**Your goal**: Would you transcribe the records below from the line with "A white plush" to the line with "Work-in-progress shot of", ends included, exactly and with nothing more, leaving the pictures out?

**Material for this task**:
========

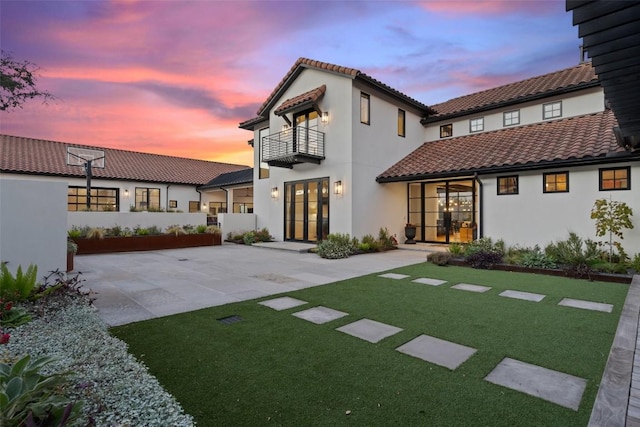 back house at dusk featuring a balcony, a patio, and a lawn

========

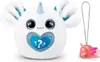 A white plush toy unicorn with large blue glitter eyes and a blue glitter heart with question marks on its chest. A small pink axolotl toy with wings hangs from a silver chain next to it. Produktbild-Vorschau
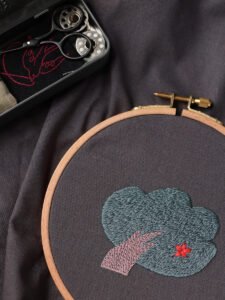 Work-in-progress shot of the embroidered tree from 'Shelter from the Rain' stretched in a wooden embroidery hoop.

========

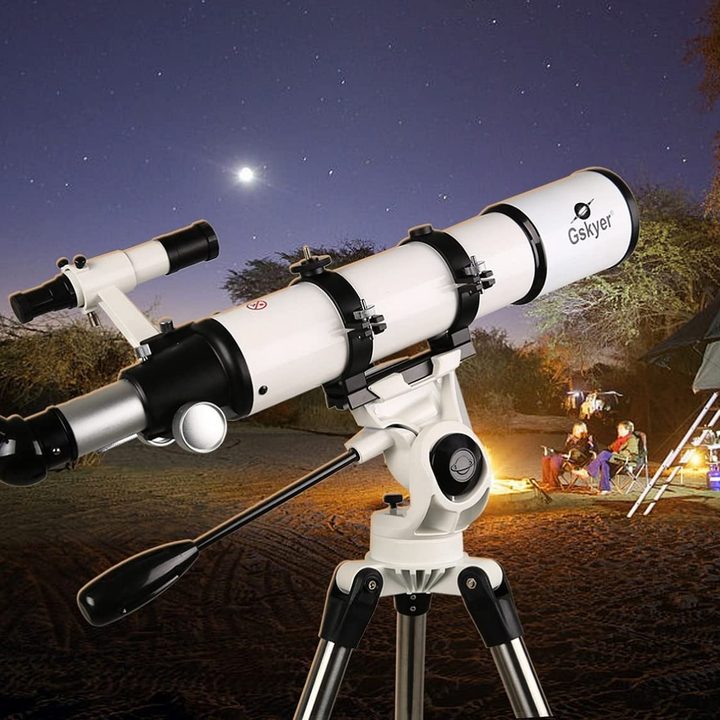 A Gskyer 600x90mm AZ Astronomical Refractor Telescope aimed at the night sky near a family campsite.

========

**Task answer**:
 A white plush toy unicorn with large blue glitter eyes and a blue glitter heart with question marks on its chest. A small pink axolotl toy with wings hangs from a silver chain next to it. Produktbild-Vorschau
 Work-in-progress shot of the embroidered tree from 'Shelter from the Rain' stretched in a wooden embroidery hoop.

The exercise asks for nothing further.